Cpex Pharmaceuticals, Inc announced that its development and commercialization partner, Serenity Pharmaceuticals, has completed a phase-2a clinical study of an intranasal drug candidate delivered using Cpex's patented drug delivery platform technology for an undisclosed urology drug. During this study, 41 out of the 43 patients treated showed a positive response to treatment. Serenity has also completed an end-of-phase-2 meeting with the FDA.

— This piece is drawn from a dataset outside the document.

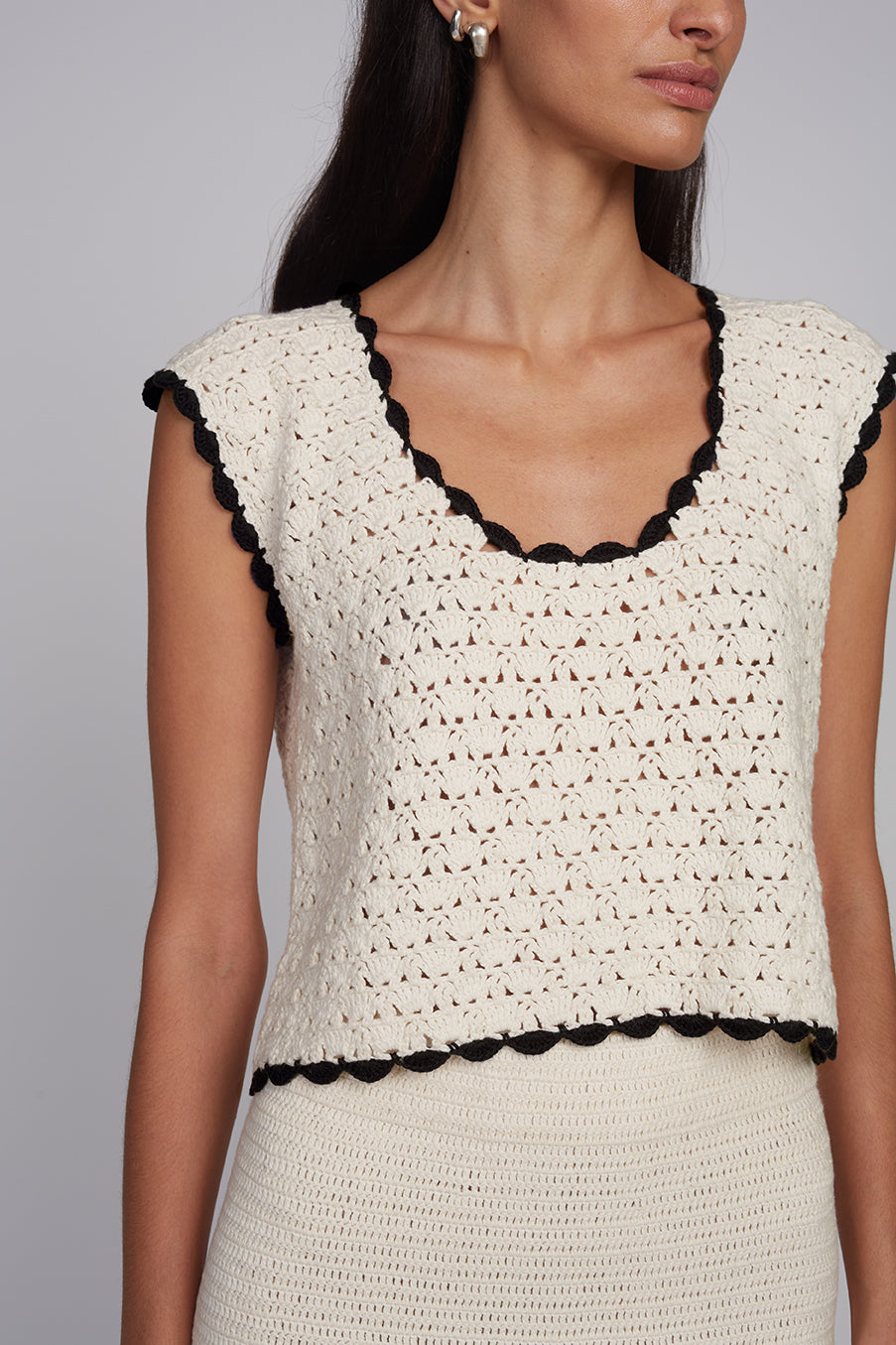 Zaria Crochet Top Tops Eleven Six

"In less than a year, our partner Serenity has taken this urology drug candidate from the Investigational New Drug application stage through an end-of-phase-2 meeting," stated John Sedor, president and chief executive officer of CPEX Pharmaceuticals. "Serenity's continued commitment to rapid clinical development, in addition to the positive data collected in their clinical trials, make us optimistic as to the future potential of this drug candidate. In addition, this positive data, along with our ongoing progress with Nasulin, continue to validate the significant untapped potential of Cpex's permeation enhancement technology. We look forward to providing more detail at a future date as its development continues."

Serenity Pharmaceuticals is a privately held, Pennsylvania-based pharmaceutical development company.

Cpex Pharma is an emerging specialty pharmaceutical company focused on the development, licensing and commercialization of pharmaceutical products utilizing Cpex's validated drug delivery platform technology.